Employing the principle from The 7 Habits of Highly Effective People that you should seek first to understand and then be understood, you can now explain your side. It’s important that you state facts as facts, and interpretation as your perception. For example:
“When you didn’t reply to iDoneThis this week after I made a specific request last Friday at our staff meeting that it be updated, it made me think you weren’t respecting what I said. Now that I understand your side of the situation, let’s look at solutions.”
Photo: Thompson Rivers
Step 4: Work Together on a Solution.
Instead of focusing on the problem, focus on solutions. A collaborative approach to problem-solving can benefit both sides because the person having the difficulty may not have the ability to recognize what’s causing the problem. Also, you may not know the right solution until you talk through the options. What works well for one person may not work at all for another.
The best way to navigate this discussion is to go through the list of issues and then brainstorm solutions together. For example:
- Manager: It seems that you sometimes forget to check your e-mail at the end of the day. Then you don’t see the iDoneThis reminder, correct?
- Team Member: Yes, that’s correct.
- Manager: Could you put a pop-up reminder in your calendar or stick a note beside your door that says, “Did you remember iDoneThis?”
- Team Member: I really don’t like pop-ups, and I’m not much of a paper person, but I think it could work well to have an alarm go off on my phone as a reminder.
- Manager: That sounds reasonable. You know what? You can use the iDoneThis app to get a reminder and reply on your phone. Let’s plan on you setting one of those options up today.
Step 5: Define Follow-Up.
Once you’ve talked through a solution, define in writing how and when you will follow up and the acceptable minimum of results.

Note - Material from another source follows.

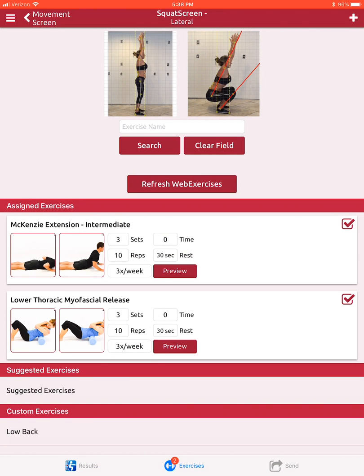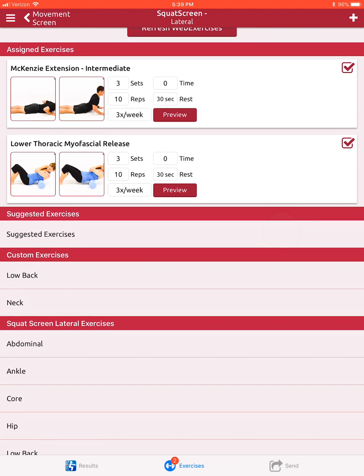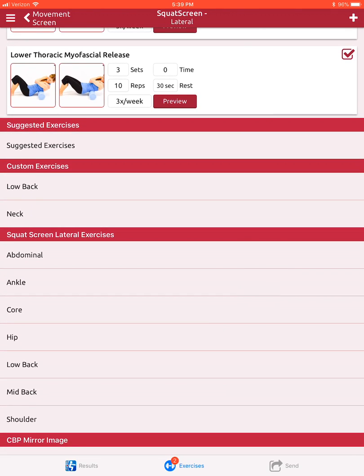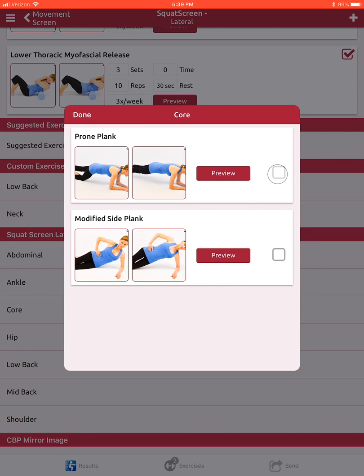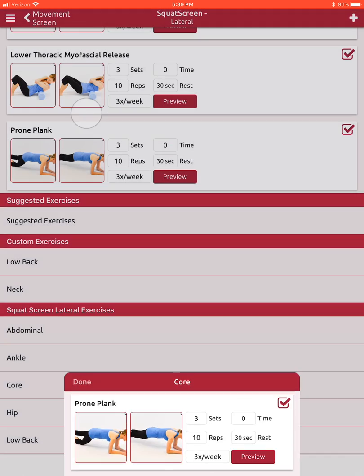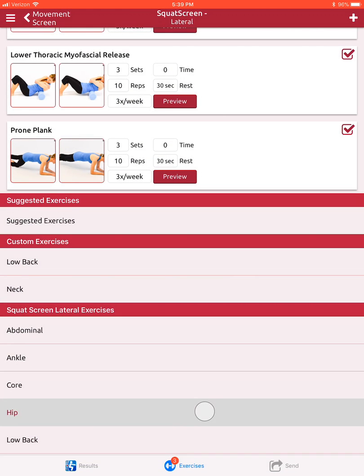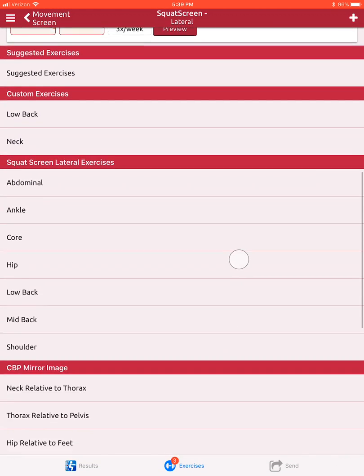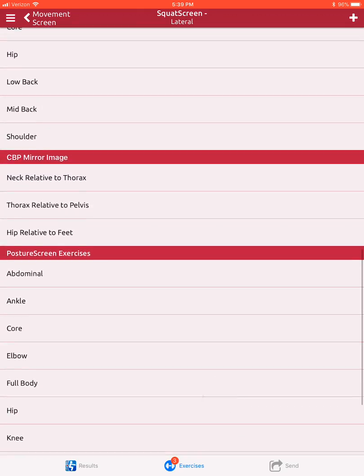Those are correctives that the client or patient can do when they're outside the facility on their own time. If I wanted to scrub through and select something else, I could add a core exercise or any sort of custom exercises as well.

Also, agree on consequences for lack of follow-through based on the negative impact it makes on the team.
“Everyone loses out when you don’t update us on your work. I’ll expect that you’ll update iDoneThis at least four times this week, and I’ll check in with you during our weekly one-on-one session. I’ve been using these reports as the basis for our team meetings. It’ll be embarrassing and a waste of time to have you stand up in front of everyone to update us on what you’ve been working on.”
Keep your word to follow up, congratulate progress, refine solutions, and uphold consequences until you’ve achieved consistency. In the process, stay calm.
It takes time for people to change. You can’t control others but you can dictate your emotional response to a situation.